[DATA SUPPLIED]:
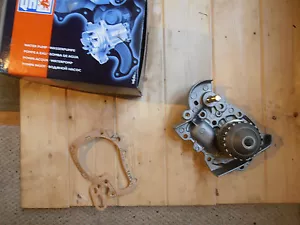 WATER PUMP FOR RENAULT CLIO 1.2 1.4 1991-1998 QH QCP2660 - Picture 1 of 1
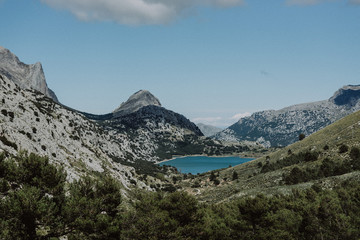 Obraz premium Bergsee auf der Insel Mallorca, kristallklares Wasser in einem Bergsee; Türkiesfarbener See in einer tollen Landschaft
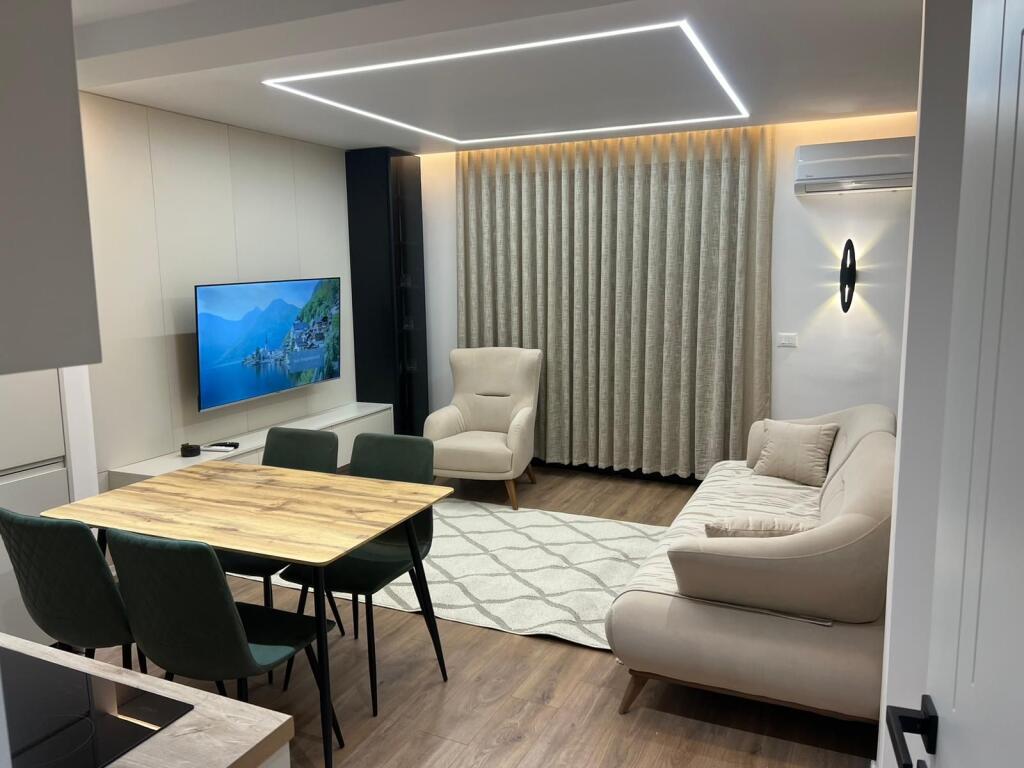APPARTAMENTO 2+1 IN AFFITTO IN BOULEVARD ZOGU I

...

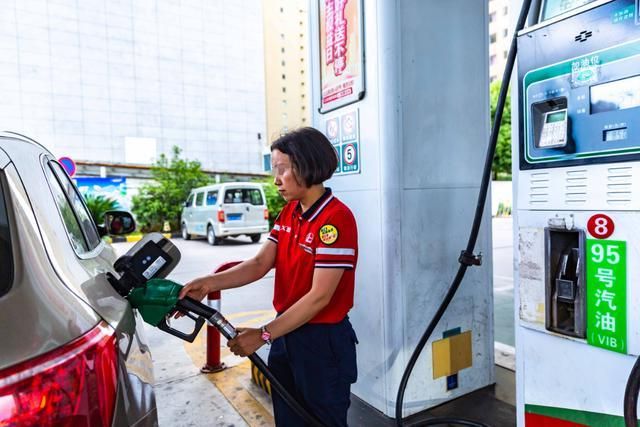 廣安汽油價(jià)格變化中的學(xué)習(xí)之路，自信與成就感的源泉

[EXERCISE BRIEF]: Using the listing above, repeat word for word each line from the one with "WATER PUMP FOR" down to the one with "APPARTAMENTO 2+1 IN", both included. Omit all pictures.

[EXERCISE SOLUTION]:
 WATER PUMP FOR RENAULT CLIO 1.2 1.4 1991-1998 QH QCP2660 - Picture 1 of 1
 Obraz premium Bergsee auf der Insel Mallorca, kristallklares Wasser in einem Bergsee; Türkiesfarbener See in einer tollen Landschaft
APPARTAMENTO 2+1 IN AFFITTO IN BOULEVARD ZOGU I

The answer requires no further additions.